Motivi di pensionamento
La Cgia specifica che la maggior parte di questi lavoratori andrà in pensione per motivi legati all’età. Tuttavia, esiste anche una piccola percentuale di individui che lascerà il lavoro per altre ragioni, come il ritiro volontario, la perdita del posto, l’emigrazione all’estero o il passaggio da un impiego dipendente a uno autonomo e viceversa.
Analisi dei settori
Analizzando i numeri, si scopre che tra i 3 milioni di lavoratori in procinto di ritirarsi, 1.608.300 provengono dal settore privato, rappresentando il 52,8% del totale da rimpiazzare. Al contempo, 768.200 lavoratori appartengono all’Amministrazione pubblica, che costituisce il 25,2%, mentre 665.500 sono lavoratori autonomi, pari al 21,9%. Nei prossimi anni, il Paese si troverà di fronte a una vera e propria “fuga” da uffici e catene di montaggio.
Conseguenze dell’esodo
Questa situazione rappresenta un “esodo” senza precedenti, con milioni di individui che transiteranno dall’attività lavorativa all’inattività in un lasso di tempo ridotto, generando conseguenze significative dal punto di vista sociale, economico e occupazionale.
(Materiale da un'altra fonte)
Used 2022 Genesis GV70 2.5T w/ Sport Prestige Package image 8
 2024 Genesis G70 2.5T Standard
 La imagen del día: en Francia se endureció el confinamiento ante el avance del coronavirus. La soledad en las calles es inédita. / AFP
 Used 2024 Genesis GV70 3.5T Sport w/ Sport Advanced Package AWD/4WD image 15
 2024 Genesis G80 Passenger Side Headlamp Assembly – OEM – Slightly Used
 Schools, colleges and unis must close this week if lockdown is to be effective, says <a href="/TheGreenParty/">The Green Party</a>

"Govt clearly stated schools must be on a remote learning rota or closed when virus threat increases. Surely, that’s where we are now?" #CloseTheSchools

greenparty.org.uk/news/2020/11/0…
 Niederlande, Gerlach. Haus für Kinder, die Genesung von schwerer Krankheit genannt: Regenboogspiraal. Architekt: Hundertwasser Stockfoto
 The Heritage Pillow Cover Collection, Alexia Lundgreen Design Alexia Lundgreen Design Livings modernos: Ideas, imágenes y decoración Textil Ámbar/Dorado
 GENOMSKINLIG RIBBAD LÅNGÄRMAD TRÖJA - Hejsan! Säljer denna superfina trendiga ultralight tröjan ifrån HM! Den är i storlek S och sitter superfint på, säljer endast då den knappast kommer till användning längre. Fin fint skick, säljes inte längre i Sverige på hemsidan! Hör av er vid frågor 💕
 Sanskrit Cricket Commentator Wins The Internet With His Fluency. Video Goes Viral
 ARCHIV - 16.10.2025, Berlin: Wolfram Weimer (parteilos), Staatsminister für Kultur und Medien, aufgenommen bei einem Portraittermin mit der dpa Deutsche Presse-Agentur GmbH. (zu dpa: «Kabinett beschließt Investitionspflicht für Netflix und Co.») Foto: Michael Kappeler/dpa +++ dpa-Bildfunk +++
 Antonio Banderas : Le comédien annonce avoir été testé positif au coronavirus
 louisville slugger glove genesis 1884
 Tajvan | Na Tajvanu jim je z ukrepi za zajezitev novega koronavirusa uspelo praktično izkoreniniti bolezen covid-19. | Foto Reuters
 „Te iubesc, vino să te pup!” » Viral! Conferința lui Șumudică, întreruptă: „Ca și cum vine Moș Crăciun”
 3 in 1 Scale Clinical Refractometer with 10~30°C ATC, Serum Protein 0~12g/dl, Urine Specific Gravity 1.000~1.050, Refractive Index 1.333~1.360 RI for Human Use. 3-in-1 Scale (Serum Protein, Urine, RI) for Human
Gli imprenditori, già in difficoltà nel reperire manodopera disposta a lavorare in fabbrica o nei cantieri, si trovano ora a dover affrontare una sfida ancor più ardua. La situazione si farà critica nei prossimi anni, quando una parte sostanziale della forza lavoro attiva si ritirerà, in particolare per raggiunti limiti di età.